◆ **Problem to work on**: Write out exactly the lines running from the one with "Download Lagu NEKAT" to the end of the data, including both of those lines and excluding pictures.

______

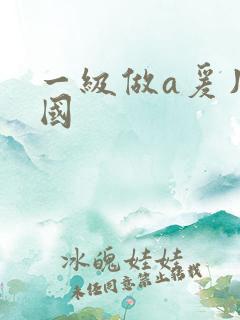 一级做a爰片韩国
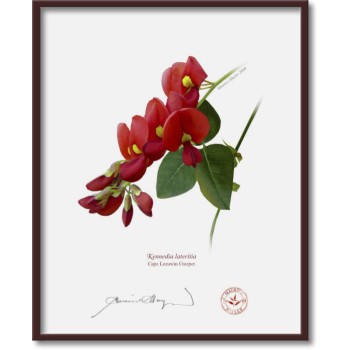 137 Cape Leeuwin Creeper (Kennedia lateritia) - 8″ × 10″ Flat Print, No Mat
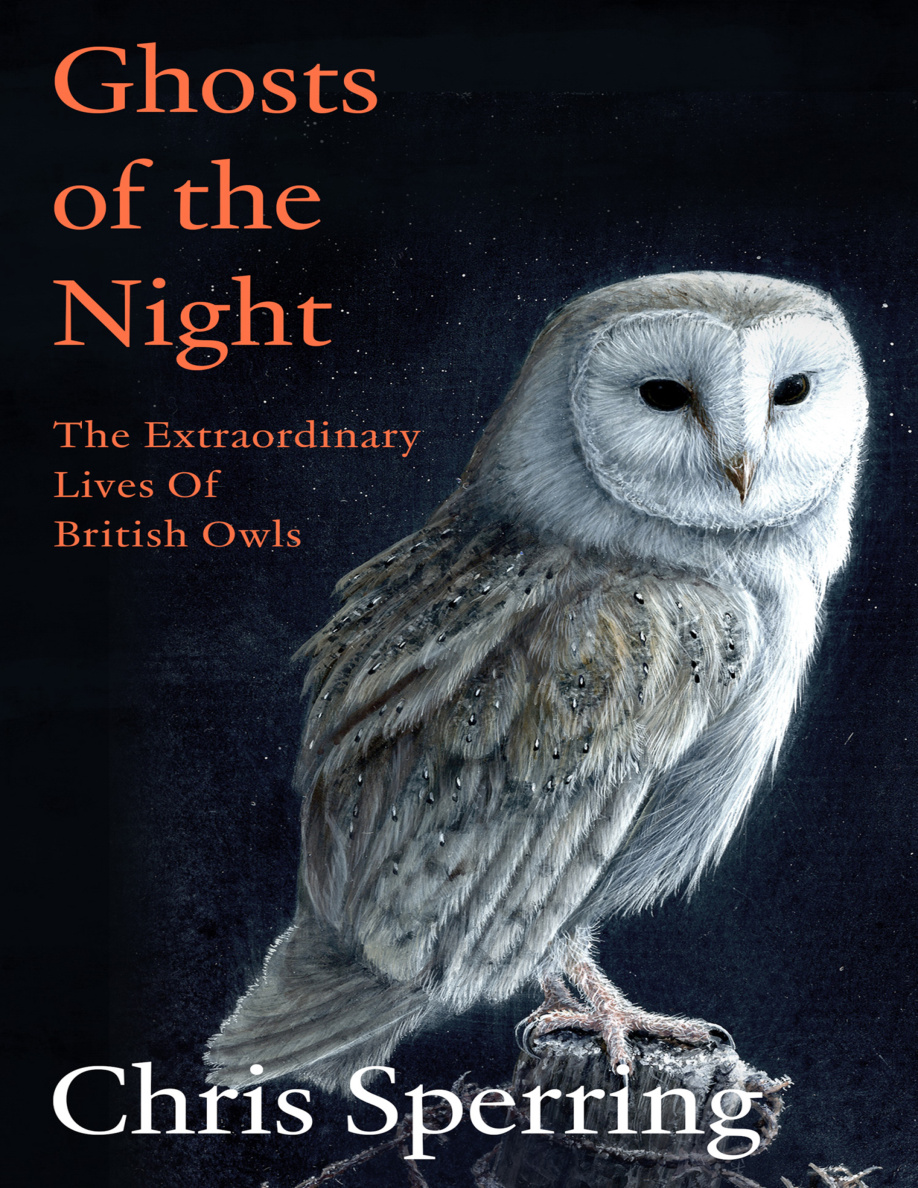 Ghosts of the Night PDF Download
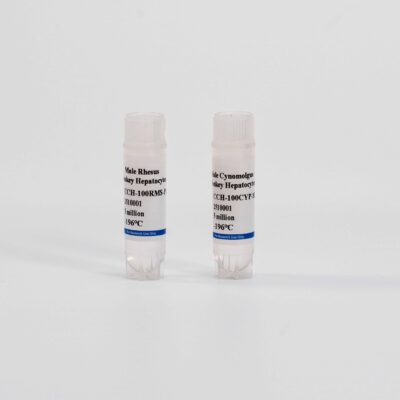 Monkey Suspension Hepatocytes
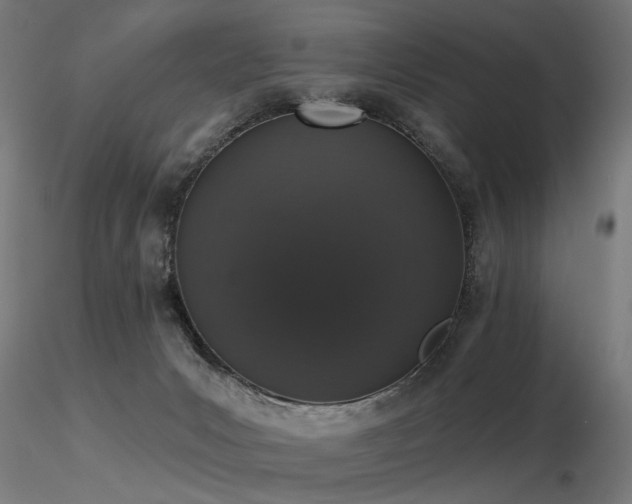 X0000116770031200912171544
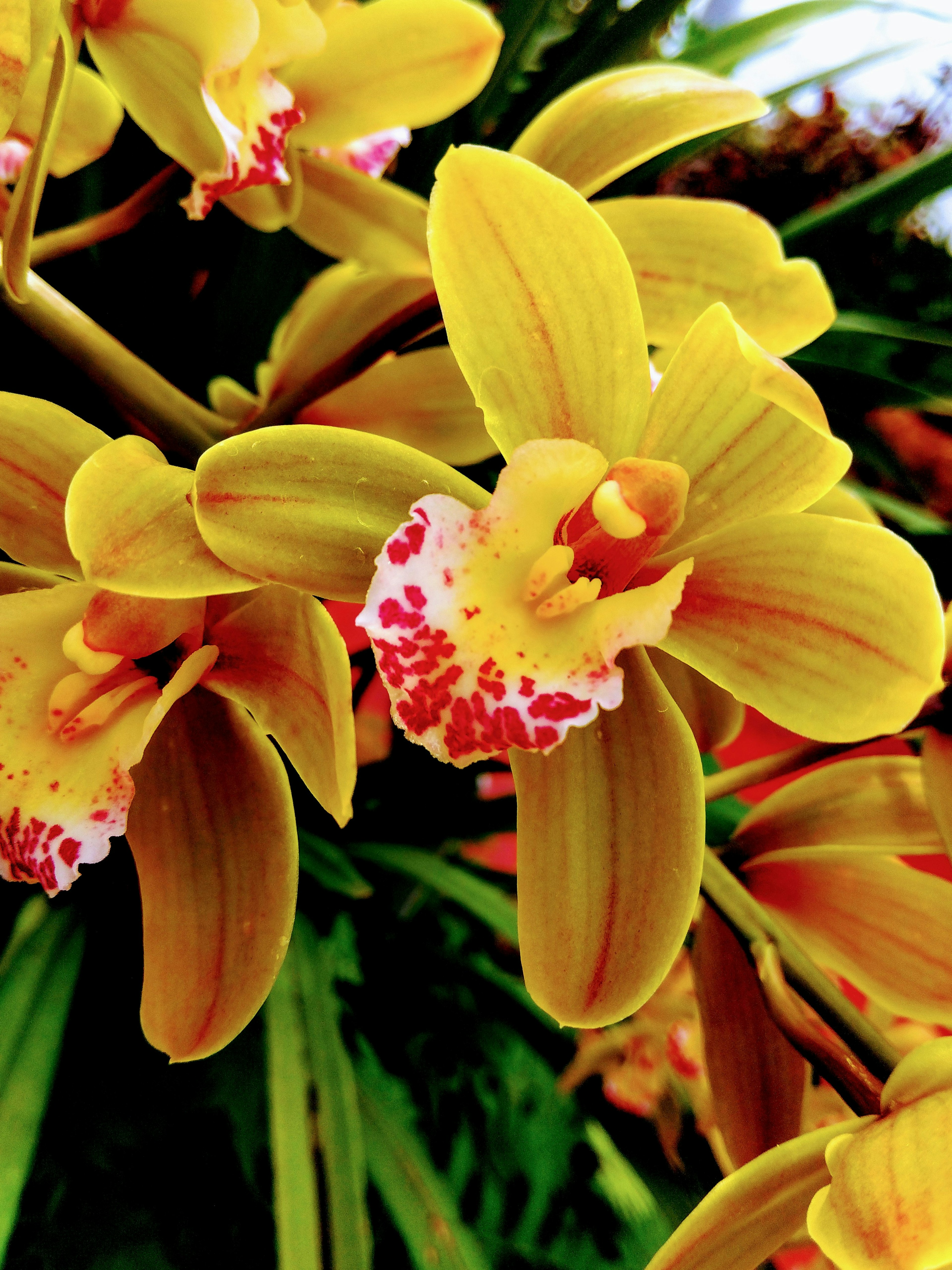 Close-up of vibrant yellow orchid flowers with red speckles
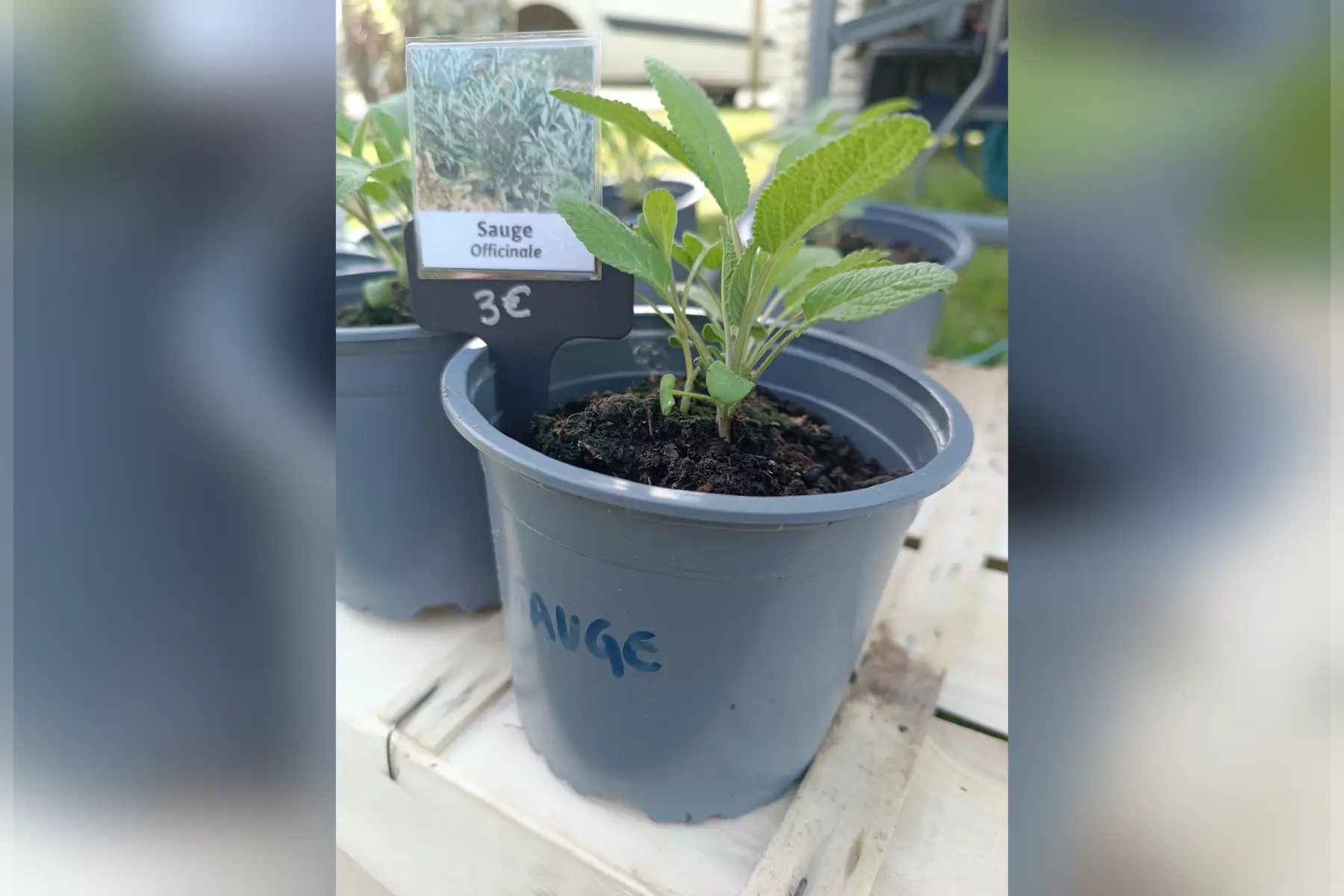 Plant de Sauge officinale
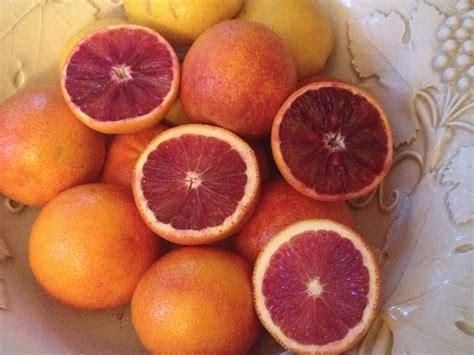 recipes blood oranges 7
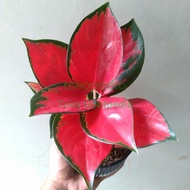 Tanaman Hias Aglonema Suksom Jaipong Super Aglaonema Mantap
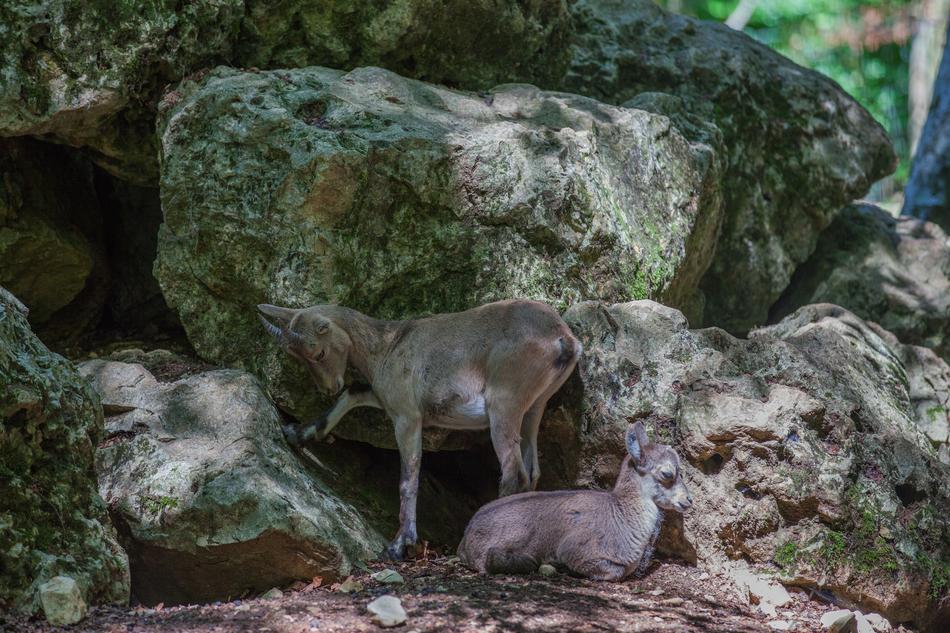 Alpine Ibex Animal World Nature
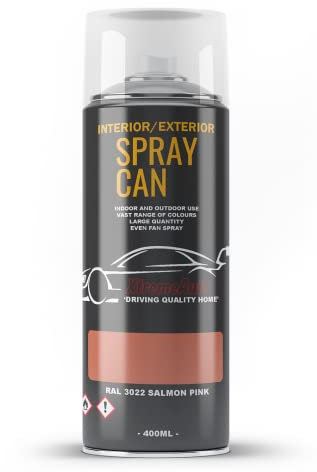 Xtremeauto Spray Paint Finish For Indoor And Outdoor Use Garden Cars Home Kitchen Bathroom Furniture Art Craft Bikes Radiators Metal Wood Plastic Glass UPVC Stone PVC RAL 3022 Salmon pink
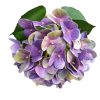 Skylar mű hortenzia művirág lila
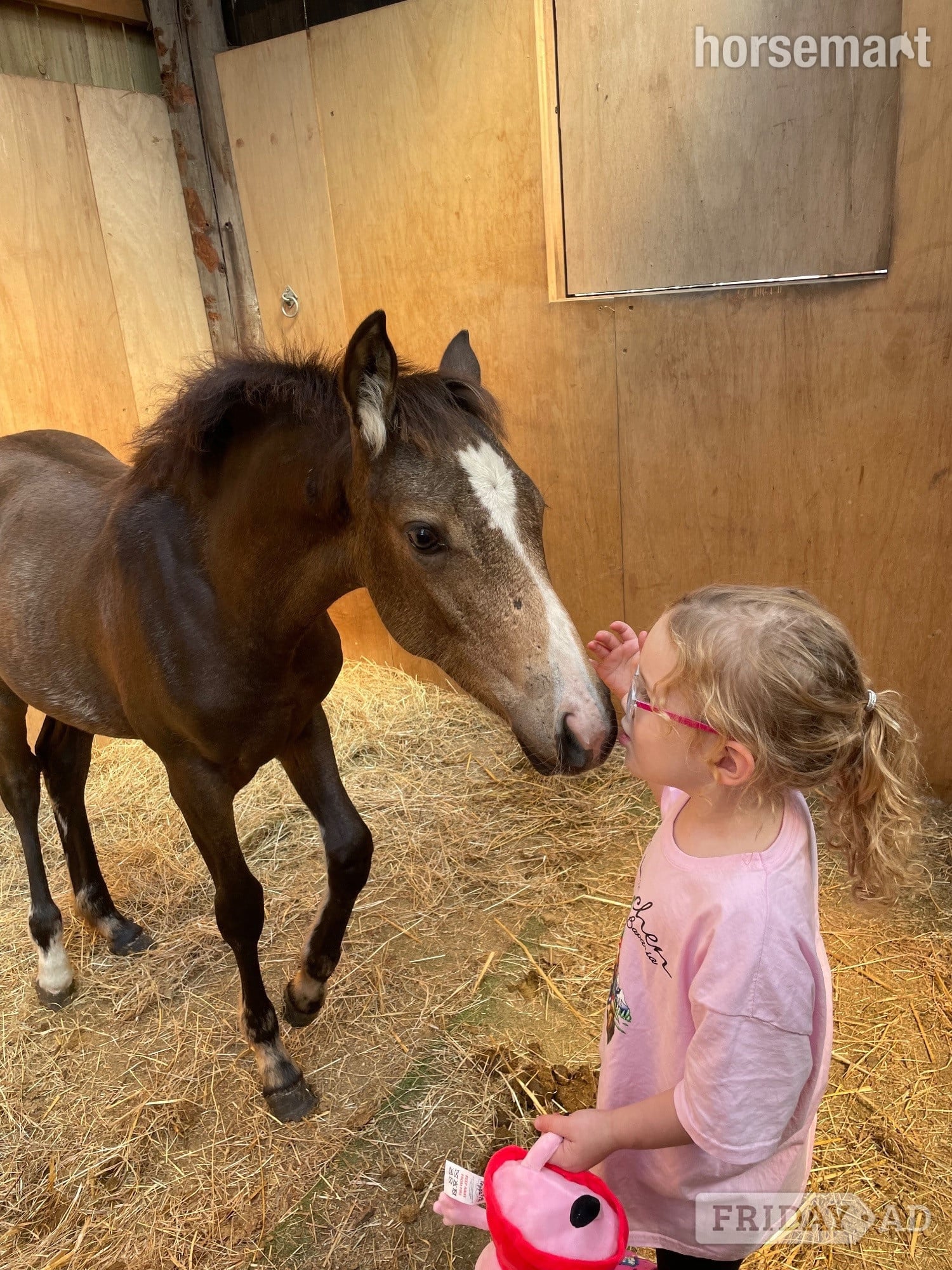 "The Custard Tart" Chocolate Dun Filly Youngstock / Foal - Horses in Stafford
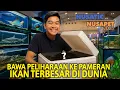Download Lagu NEKAT BAWA PELIHARAAN RAKSASA KE PAMERAN IKAN TERBESAR DI DUNIA NUSATIC NUSAPET 2025!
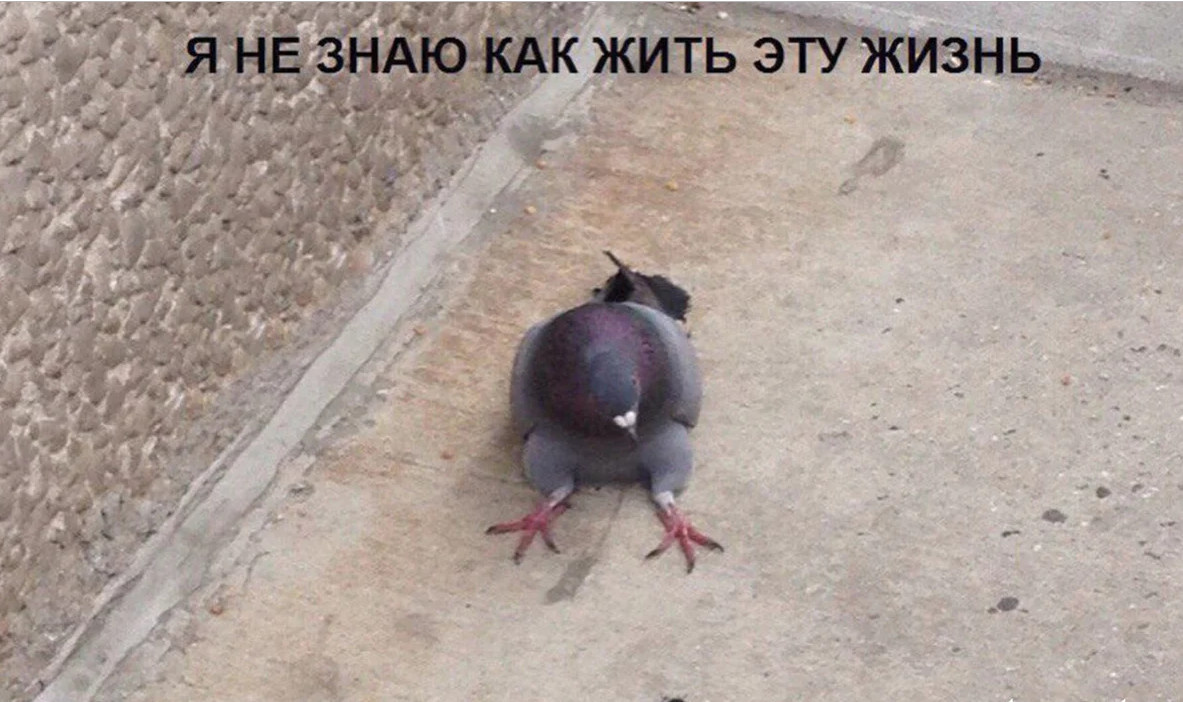 Голубь прикольный, а ситуация так себе.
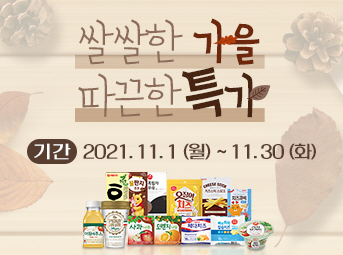 11월 특가데이 이벤트
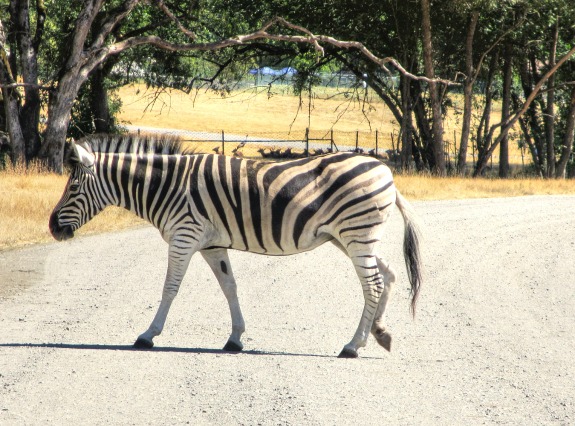 zebra crossing road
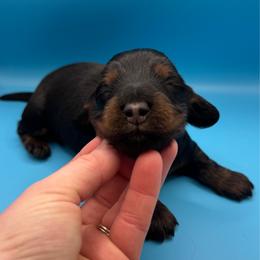 Archer - Black and tan male Dachshund puppy in Richmond, Kentucky from Cemcade Dachshunds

______

◆ **Task result**:
Download Lagu NEKAT BAWA PELIHARAAN RAKSASA KE PAMERAN IKAN TERBESAR DI DUNIA NUSATIC NUSAPET 2025!
 Голубь прикольный, а ситуация так себе.
 11월 특가데이 이벤트
 zebra crossing road
 Archer - Black and tan male Dachshund puppy in Richmond, Kentucky from Cemcade Dachshunds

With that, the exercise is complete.